Séance n° 1, jeudi 9 novembre 2023, 18h-20h, Amphi A – Tertre : « L’engagement des Européens en Croatie et Bosnie »
Invités :
- – Anne Madelain (historienne, MCF, INALCO), auteure de l’ouvrage L’expérience française des Balkans 1989-1999
- – Patrick Le Corre (grand témoin des mobilisations de la société civile nantaise en faveur de la paix en Bosnie)
Rappel de la présentation du séminaire :
Ce séminaire pluridisciplinaire visera en 5 séances à explorer l’engagement des Européens, depuis la fin de la guerre froide, dans des interventions multiples et multiformes de rétablissement de la paix ou de maintien de la paix (peace making / peace keeping), sur des théâtres variés – européens (Balkans) ou non (essentiellement Afrique et Moyen-Orient). Par Européens, nous entendons à la fois l’Union Européenne (UE), mais aussi les puissances européennes qui purent intervenir militairement seules (Rwanda pour la France, Sierra Leone pour le Royaume-Uni) ou en coalition, essentiellement via l’OTAN (Bosnie, Kosovo).
Il s’agira de s’interroger sur les raisons qui poussèrent les Européens à mettre l’idée de gestion de crise et de maintien de la paix au cœur de leur doctrine stratégique, à en faire le point nodal des efforts d’intégration européenne en matière de défense (avec l’émergence de la PESD, politique européenne de sécurité et de défense, devenue ensuite, PSDC, politique de sécurité et de défense commune), et enfin, à s’engager, sous bannière européenne, dans toute une série d’interventions militaires ou civilo-militaires suite à l’impulsion donnée par l’accord franco-britannique de Saint-Malo en 1998. Même si l’ampleur de ces interventions resta toujours modeste, l’ambition était de faire de l’UE un security provider (à l’inverse de la situation qui avait prévalu pendant toute la guerre froide) et ce retournement s’accompagnait d’un discours de légitimation présentant l’UE comme particulièrement apte à réussir ses missions de peace keeping – d’abord par la nature même du projet de construction européenne fondée sur l’idée de réconciliation, mais aussi par la variété des instruments d’intervention et d’influence que l’UE serait capable de mettre en œuvre au service de la paix sur un théâtre d’intervention donné (instruments militaires, mais aussi civilo-militaires, économiques, normatifs).

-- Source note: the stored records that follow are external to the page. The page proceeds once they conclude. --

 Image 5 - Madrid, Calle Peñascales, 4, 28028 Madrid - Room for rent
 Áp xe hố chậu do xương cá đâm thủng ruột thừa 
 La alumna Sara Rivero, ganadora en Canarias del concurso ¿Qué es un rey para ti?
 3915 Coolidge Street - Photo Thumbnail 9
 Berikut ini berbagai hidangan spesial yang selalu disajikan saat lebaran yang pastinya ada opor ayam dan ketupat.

Il conviendra également de mettre au jour tout l’arrière-plan idéologique, le mode de pensée politico-stratégique qui a accordé une place centrale à ce type de missions militaires pour l’Europe : quel rôle jouèrent les héritages postcoloniaux des grands États-membres anciennement puissances impériales – à commencer par la France et le Royaume-Uni ? quel lien avec la thématique de la « fin de l’Histoire » (F. Fukuyama) et l’idée d’une Europe post- moderne ou post-westphalienne, dont un des rôles au plan international serait de pacifier les zones de non-droit en voie de régression (Robert F. Cooper) ? dès lors, y aurait-il lieu d’établir une continuité, dans la longue durée, entre ces opérations européennes de maintien de la paix et le thème de la « pacification » des sociétés africaines à l’occasion de la colonisation (un argument fondamental ayant servi à justifier la colonisation) ?

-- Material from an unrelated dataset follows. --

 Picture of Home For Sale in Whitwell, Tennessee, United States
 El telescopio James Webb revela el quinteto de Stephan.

Il s’agira enfin d’examiner les débats politiques et l’évolution des opinions publiques à la fois européennes et africaines sur le rôle de l’Europe dans les situations de conflits : les Européens et/ou l’UE ont-ils été perçus réellement comme des agents de maintien de la paix ou au contraire les interventions ont-elles été finalement ressenties comme des facteurs aggravants des conflits ? Quel bilan général peut-on dresser de cette première quinzaine d’années post-guerre froide où le peace keeping sembla devenir, en particulier pour l’Europe, la vocation ultime de l’emploi de la force au plan international ?
Chaque séance, ouverte au public, s’articule autour de deux intervenants, l’un universitaire (auteur d’une publication récente sur la question), l’autre praticien ou grand témoin, autour de telle ou telle étude de cas.